🤖 AI Summary
This work addresses the challenge of training multimodal large language models under severe scarcity of high-quality paired data and the limited reliability of existing cross-modal interchange methods, which stem from an inadequate understanding of the geometric structure of the modality gap. The study reveals that representations across modalities already share a dominant semantic geometry, and the bottleneck in interchangeability arises from anisotropic residuals concentrated along a few principal directions. To this end, the authors propose AnisoAlign, a framework that reframes the modality gap as a structured geometric discrepancy amenable to correction.
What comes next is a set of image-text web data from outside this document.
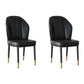 Contemporary Metal Side Chair Dining Room Armless Cushion Wingback Chair Black 2 Piece Set Clearhalo ' kitchen&dining_furn' 'Dining Chairs' 'Dining Tables & Seating' 'dining_chair' 'furn' 'furn_dining_chair' 'Furniture' 'furniture_dining_chair' 'Kitchen & Dining Furniture' 'kitchen' 3910772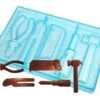 Moule Chocolat - 5 Outils -Magasin De Cuisine À Domicile moule chocolat 5 outils 1 main 800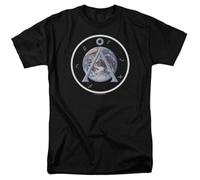 Stargate SG1 Earth Emblem T Shirt Sci-FI TV Alien Show Tee Black BlackX-Large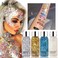 Body Glitter Gel - Cosmetic-Grade, Glitter for Face, Body, and Hair, Safe and Easy to Use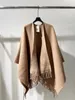 Oversized Two Sided Wool Scarves Autumn Tassels Men's Designer Shawls Cashmere Wraps Stoles Scarf for Women Cape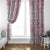 Mele Kalikimaka Hawaii Christmas Window Curtain Akala Seamless Floral Motif - Polynesian Pride
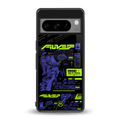 the weeknd back phone cover | glass case for google pixel 8 pro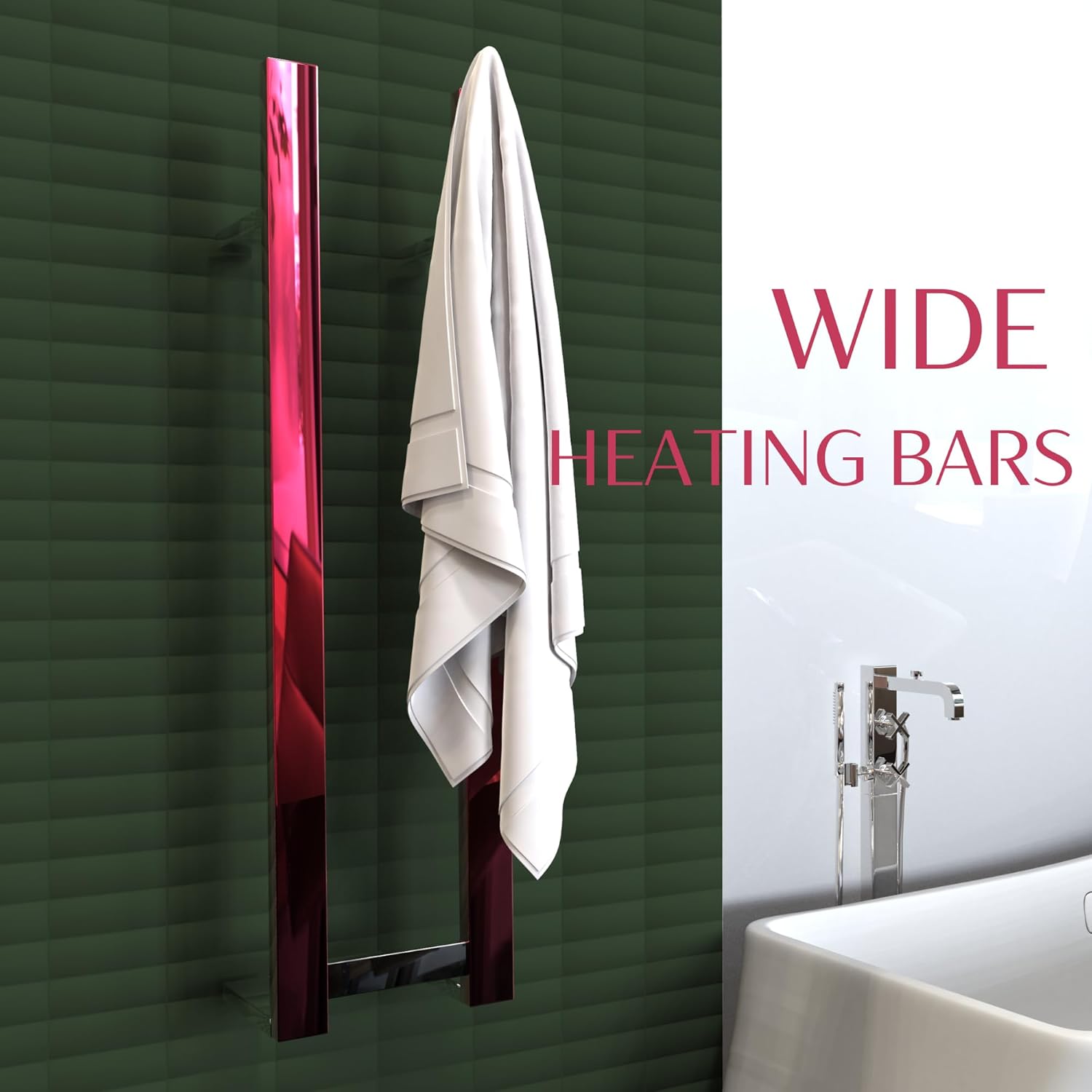 COZYBASE Heated Towel Rack with Timer and Storage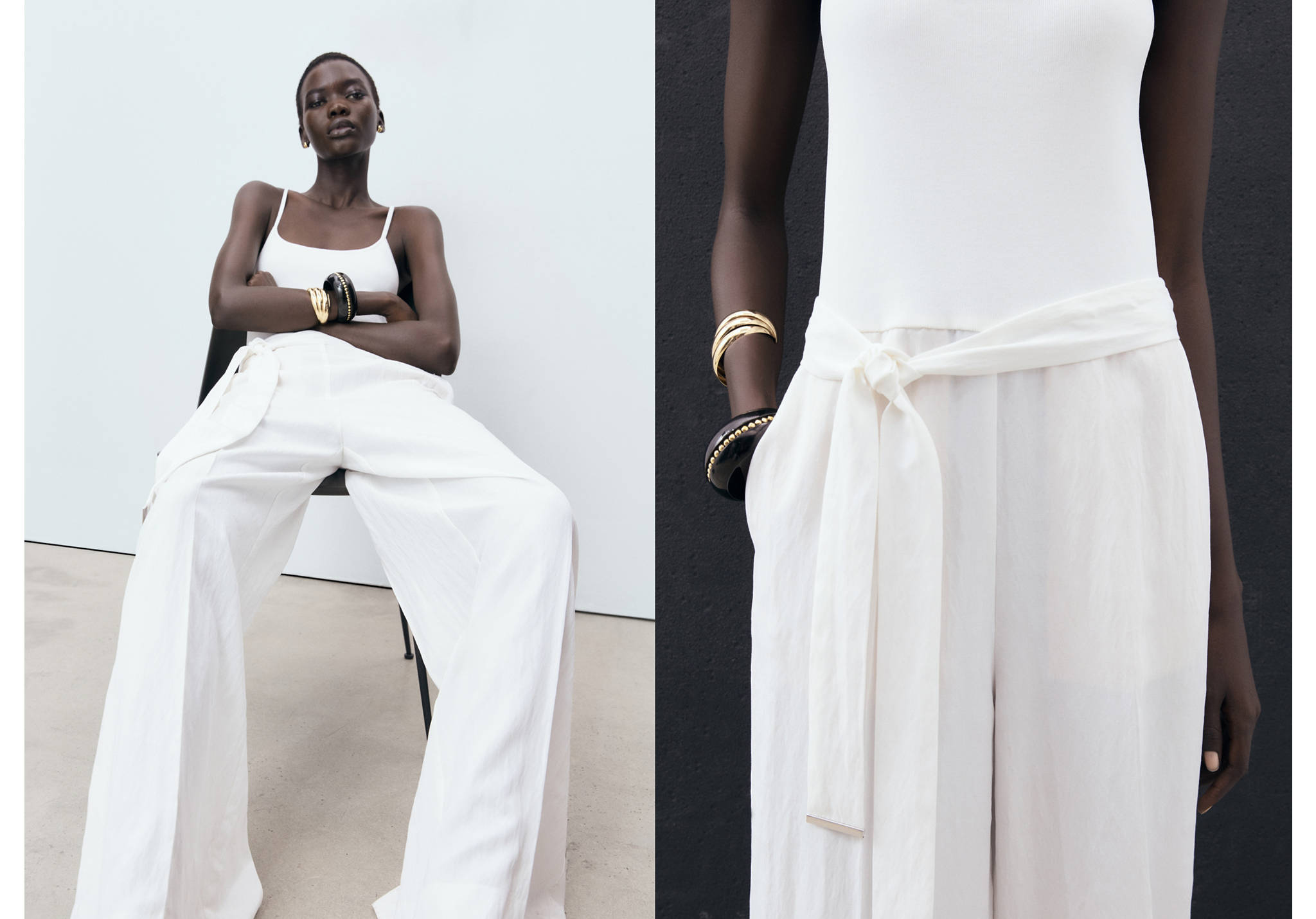 Jumpsuit with belt - Panoramic plane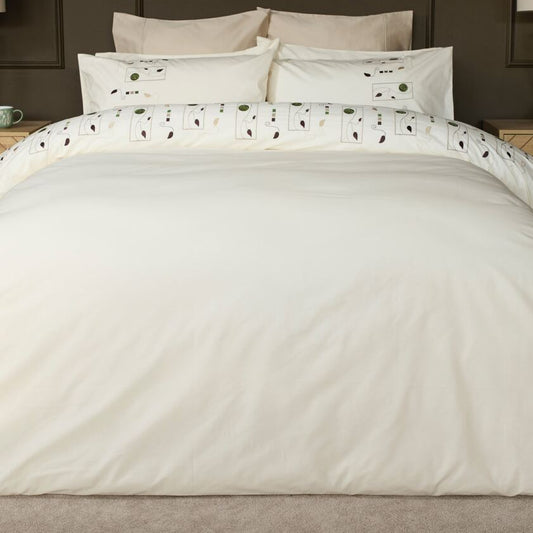Perth 100% Cotton Shaped Duvet Set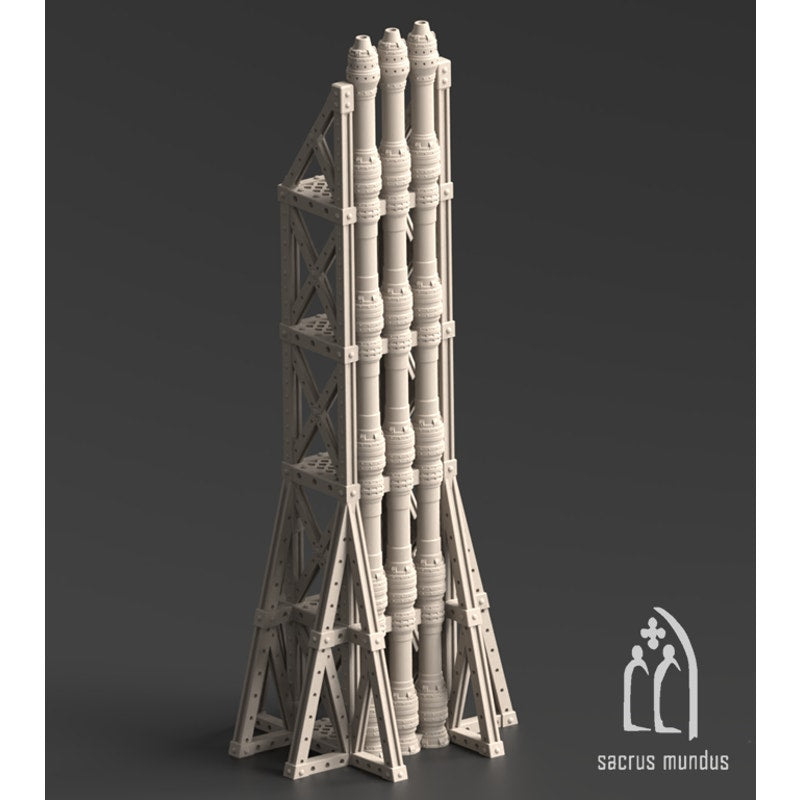 Imperial Oil Field Grimdark Sci Fi Industrial Tabletop Terrain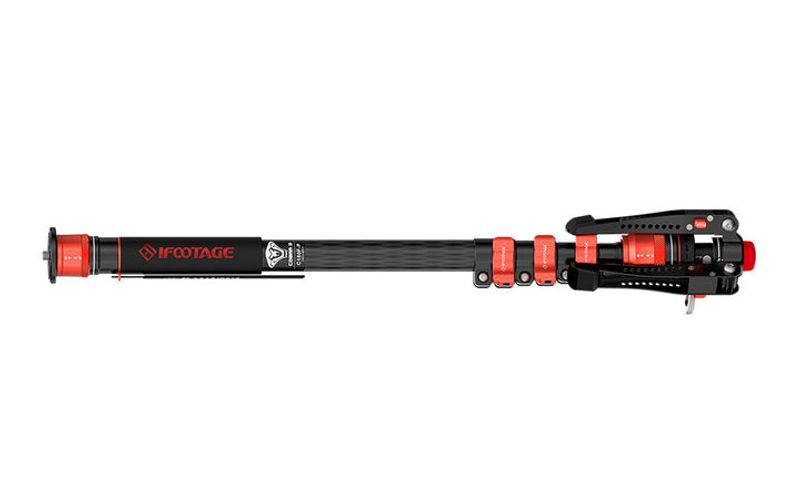Cobra 3 C180F-P Monopod Kolfiber med pedal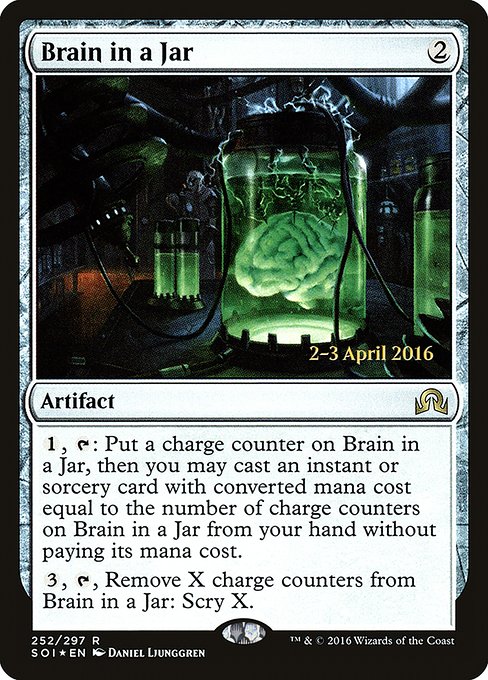 Brain in a Jar (252s) [Shadows over Innistrad Promos]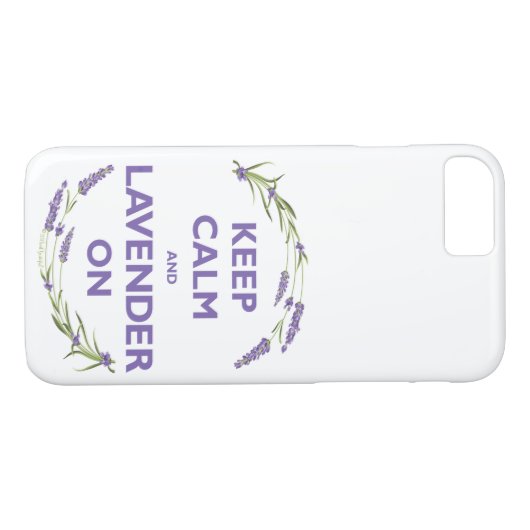 "Kalm houden en lavender aan" Case-Mate iPhone Case (Achterkant (Horizontaal))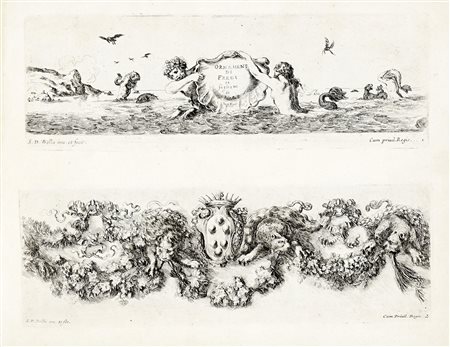 Stefano Della Bella, Ornamenti di fregi et fogliami. 1648 ca. [serie completa...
By leveraging intrinsic geometric priors from the target modality, AnisoAlign performs bounded anisotropic alignment on the source modality to construct semantically consistent alternative representations—without requiring paired data. Experiments demonstrate substantial improvements in multimodal training under unpaired settings and validate the approach through geometric diagnostics and text-only-driven multimodal modeling.
📝 Abstract
Training multimodal large language models has long been limited by the scarcity of high-quality paired multimodal data. Recent studies show that the shared representation space of pretrained multimodal contrastive models can serve as a bridge, enabling models to perform multimodal training with unimodal data. However, the key premise of this paradigm remains insufficiently understood: can representations from different modalities be reliably interchanged? The core obstacle lies in the persistent Modality Gap in the shared space. In this work, we revisit the geometric nature of the modality gap. We find that modality representations already share compatible dominant semantic geometry. What truly hinders modality interchangeability is not a simple global shift, but an anisotropic residual structure concentrated along a small number of dominant directions. Based on this finding, we further propose the principle of anisotropic modality gap alignment: effective modality alignment should align with the target-modality distribution while preserving the semantic structure of the source modality. Guided by this principle, we propose an anisotropic geometric correction framework, AnisoAlign, for unpaired modality alignment. This framework leverages the internal geometric prior of the target modality and performs bounded correction on source-modality representations, thereby constructing substitute representations in the target modality. Experiments confirm its benefits in both geometric diagnostics and text-only MLLM training. Overall, this work recasts the modality gap from an empirical observation into a correctable, structured geometric phenomenon and provides a new representation alignment perspective for training multimodal models with unimodal data.